(Records from a data source)

== Segment start ==

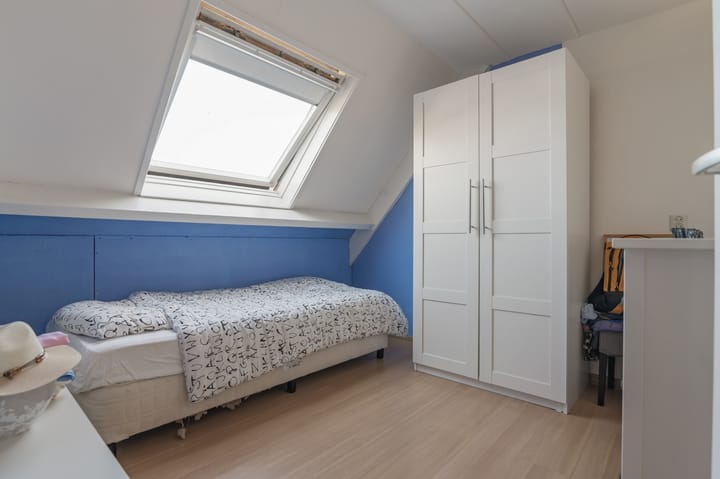 Foto 34 van Willem Jehannes Koopmansstrjitte 60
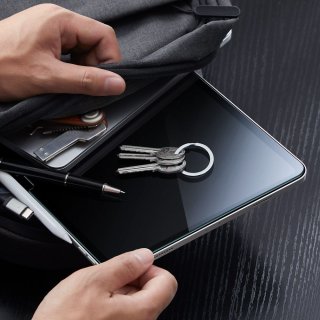 Szkło Hartowane Esr Armorite 2-Pack Ipad PRO 11” 5 / 2024 Clear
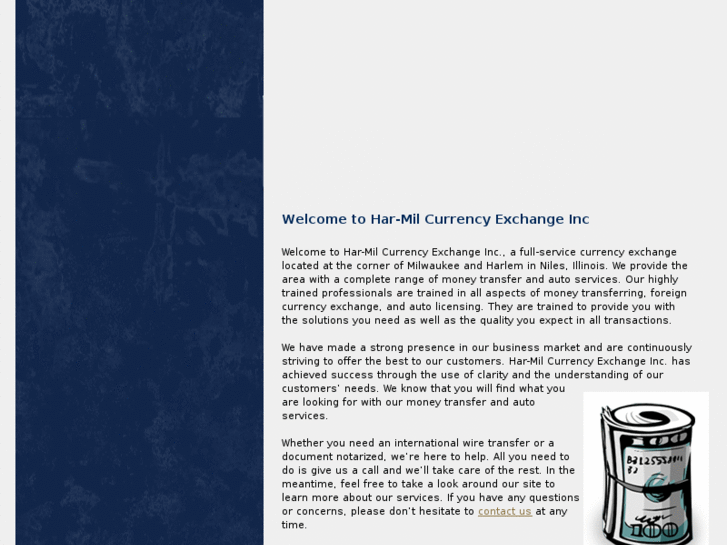 www.har-milcurrency.com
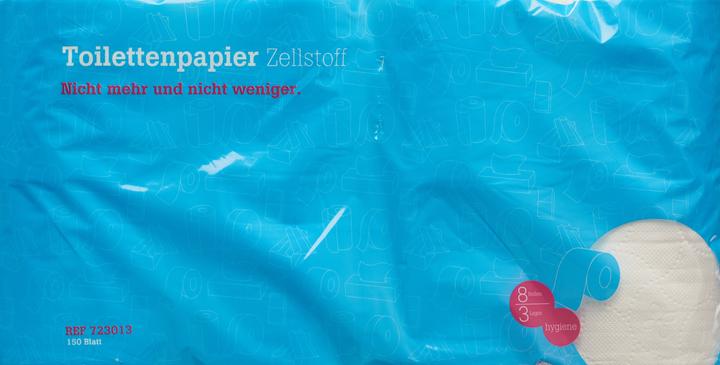 Actual product image Funny Pulp (8 pcs.)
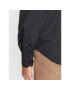 Sisley Риза 5CNX5QL19 Сив Slim Fit - Pepit.bg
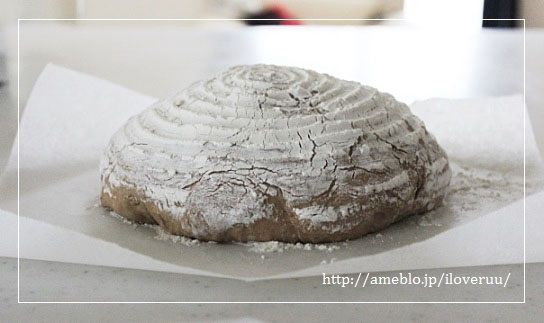 るぅのおいしいうちごはん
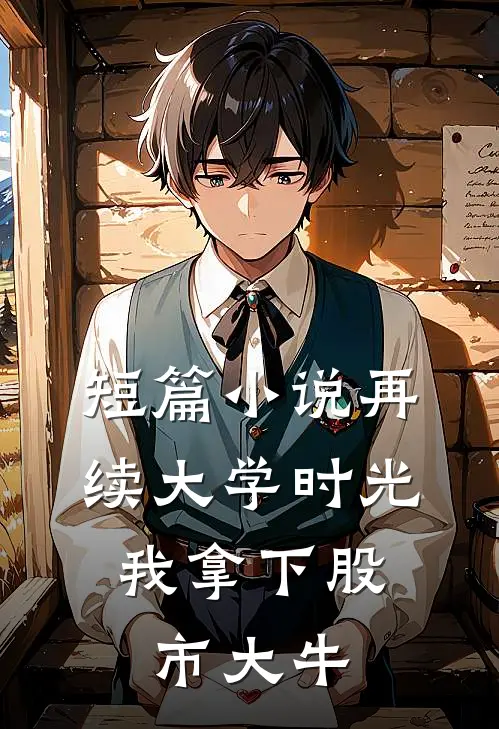 短篇小说再续大学时光，我拿下股市大牛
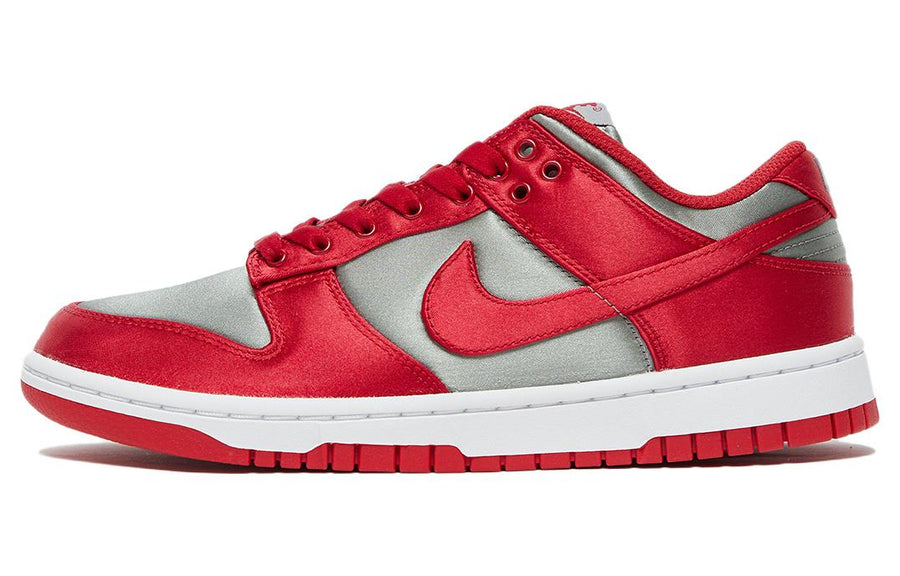ナイキ ダンク Nike Women's Dunk Low "UNLV Satin" DX5931-001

== Segment end ==

Task objective: Set down the records in full and exactly. Do not carry over any image.

Result for this task:
 Foto 34 van Willem Jehannes Koopmansstrjitte 60
 Szkło Hartowane Esr Armorite 2-Pack Ipad PRO 11” 5 / 2024 Clear
 www.har-milcurrency.com
 Actual product image Funny Pulp (8 pcs.)
 Sisley Риза 5CNX5QL19 Сив Slim Fit - Pepit.bg
 るぅのおいしいうちごはん
 短篇小说再续大学时光，我拿下股市大牛
ナイキ ダンク Nike Women's Dunk Low "UNLV Satin" DX5931-001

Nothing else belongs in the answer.